HuggingFace Datasets in Oracle 26ai: Jump-Starting CLIP Vector Search Experiments

The problem this solves

Before any Oracle 26ai experiment can produce meaningful results (assessing the feasibility of a use case, benchmarking ONNX embedding models, validating retrieval quality, measuring precision and recall, or delivering a PoC fast enough to share with project leadership), you need real, structured data in your Oracle tables. Not five handcrafted rows that confirm the SQL syntax works. Data with enough variety, semantic richness, and realistic distribution to tell you whether your vector search approach actually holds under real conditions.

Two paths exist and both stall before the experiment starts. Building test data manually produces inconsistent rows and takes hours; the result is rarely rich enough to distinguish between model choices or validate retrieval behaviour across categories. Production data, on the other hand, is blocked by confidentiality and structural-readiness constraints that are standard in any enterprise environment before a PoC is approved. Oracle 26ai’s own documentation examples are intentionally toy-scale: five rows confirm syntax, not retrieval quality.

This series started as an attempt to build and share reproducible Oracle 26ai experiments on a public blog. The chosen use case was an insurance claims application that required car damage photographs: varied enough across damage types to produce meaningful similarity groupings, each accompanied by a natural-language description, and free from copyright restrictions. Assembling that by hand turned out to be the first real blocker, before a single Oracle SQL query was written. That is what led to HuggingFace.

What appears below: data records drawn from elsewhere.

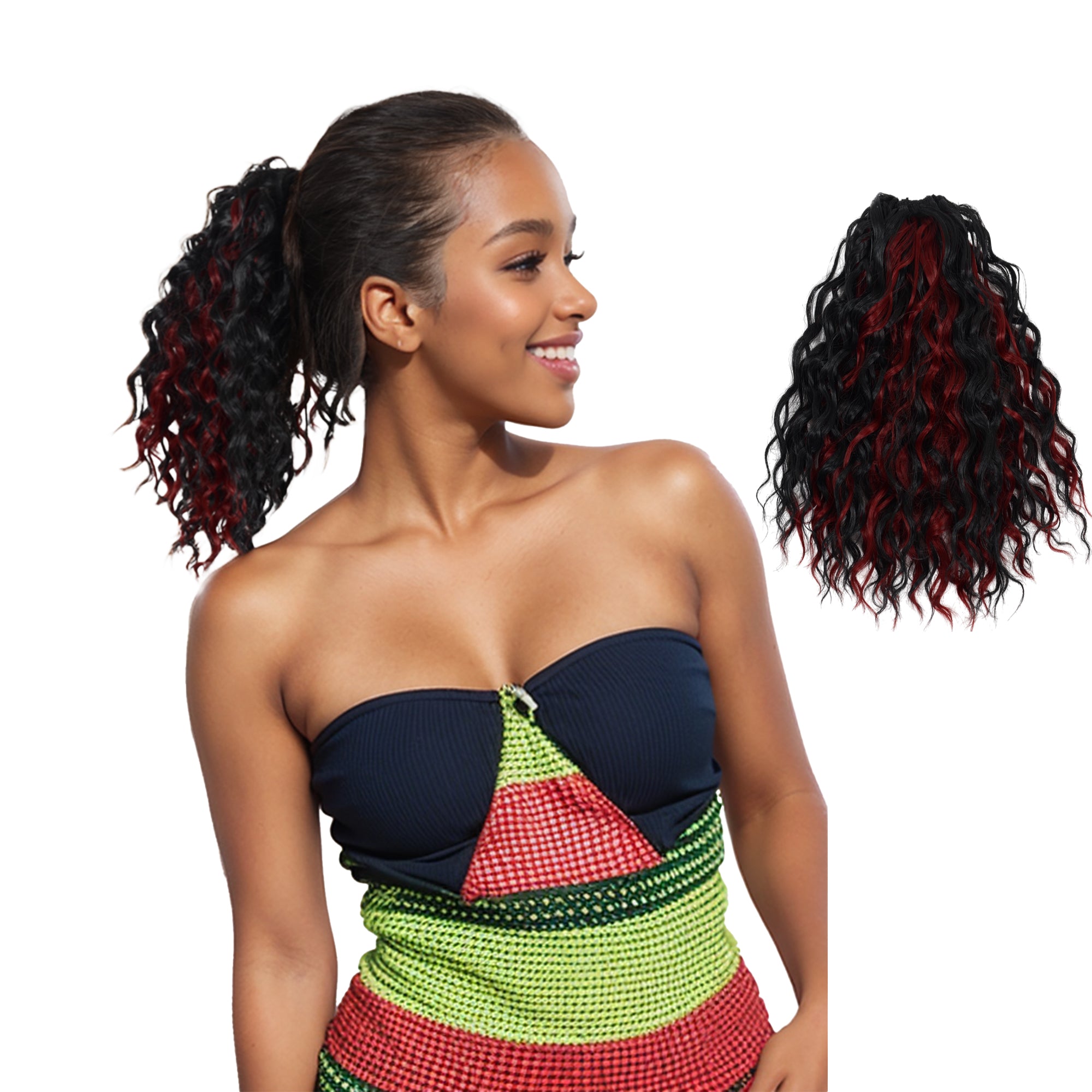 Alilang 10 Inch Short Curly Drawstring Ponytail Extension for Women Synthetic Clip-In Ponytail Hairpiece for Daily Use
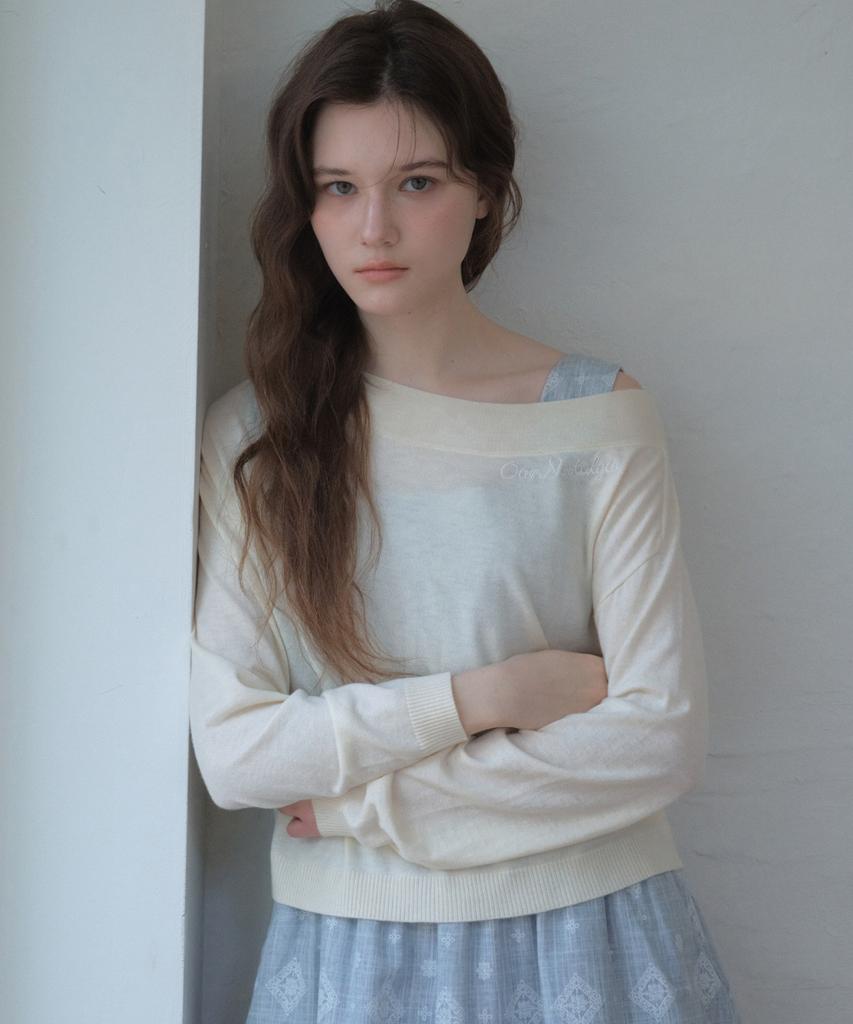 Aueonoseuteljia Lettering Boatneck Knit_Cream(Oc26Kn17)
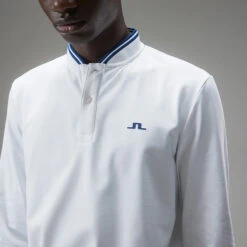 J.Lindeberg Tyson Long Sleeve Golf Polo Shirt 10 J.Lindeberg Tyson Long Sleeve Golf Polo Shirt -FootJoy || Callaway || Ping Sales J.Lindeberg Tyson LS Reg Fit Polo GMJT07801 0000 SHLIN154 WhiteNavy Peony Model 2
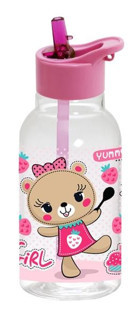 Herevin Yummy Pipetli Pembe Plastik Okul Çocuk Suluk 460 ml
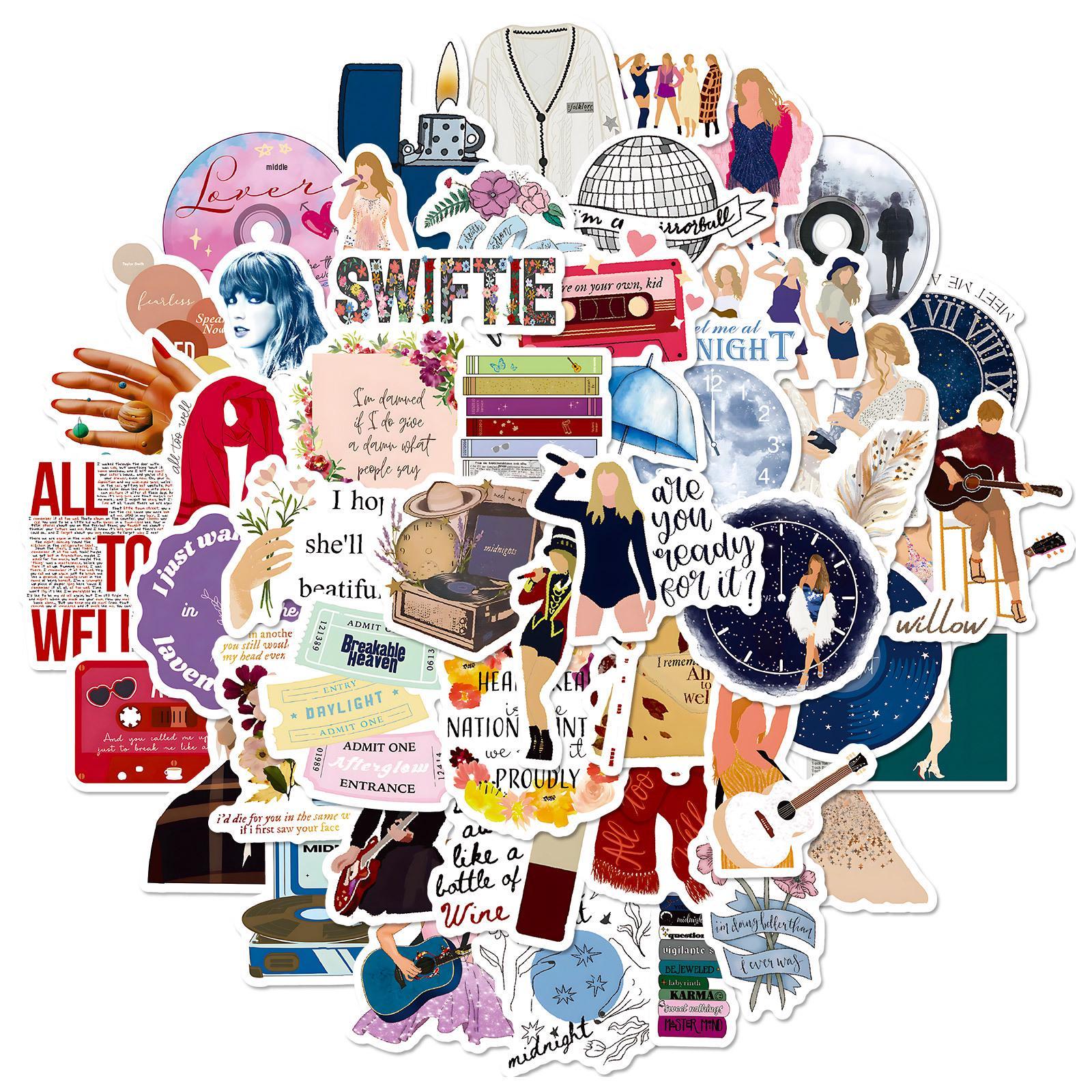 50 Taylor Swift Notebook Stickers - New Singer Collection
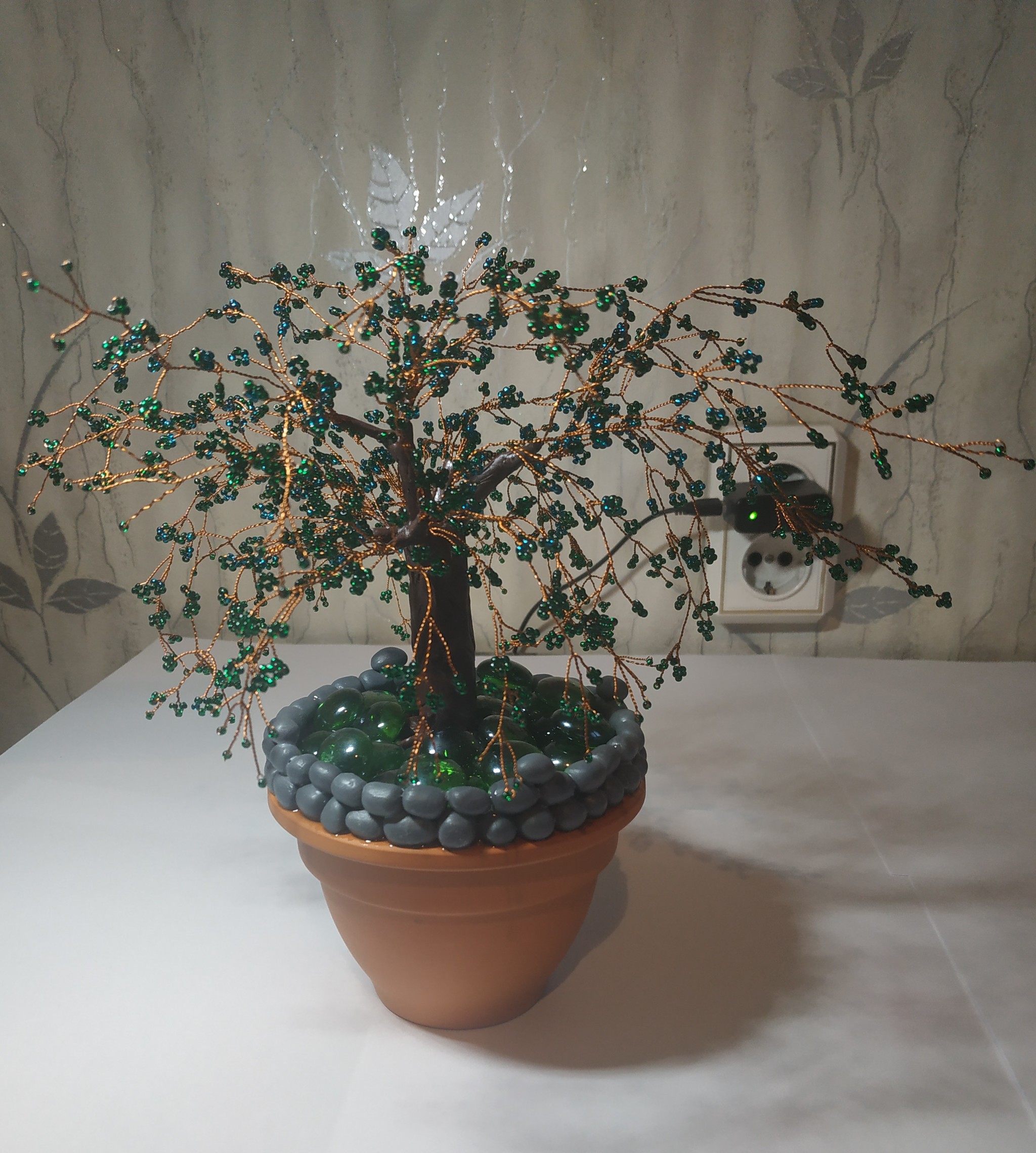 bead tree - My, With your own hands, Beads, Polymer clay, Hobby, Longpost, Needlework without process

HuggingFace open datasets are the practical answer to this bottleneck. This series uses tahaman/DamageCarDataset as the running dataset throughout: 150 real car damage photographs across four damage classes, each paired with a natural-language description. An insurance claims application (matching past claims by visual and text similarity) is the practical use case we build toward. But the workflow this article establishes (select a dataset, import it into Oracle, wire up the VECTOR column) applies to any domain where a team needs to move from idea to working experiment without waiting for data engineering.

After following this guide, you will have a 150-row Oracle 26ai table with real car damage images and text descriptions, enough data to benchmark ONNX models, validate retrieval quality, and run a convincing PoC, loaded in a single session.

Who this is for

This guide is for Oracle practitioners (developers, architects, DBAs) who want to experiment with Oracle AI database features, specifically Vector Search, without spending the first session building test data by hand. The problem being solved here is setup time, not SQL syntax.

This is Part 1 of the CLIP experiment arc: data preparation. Loading ONNX models, generating embeddings, and running similarity queries come in later posts. Before any of that is useful, the Oracle table needs real, structured content with enough semantic variety to produce meaningful results.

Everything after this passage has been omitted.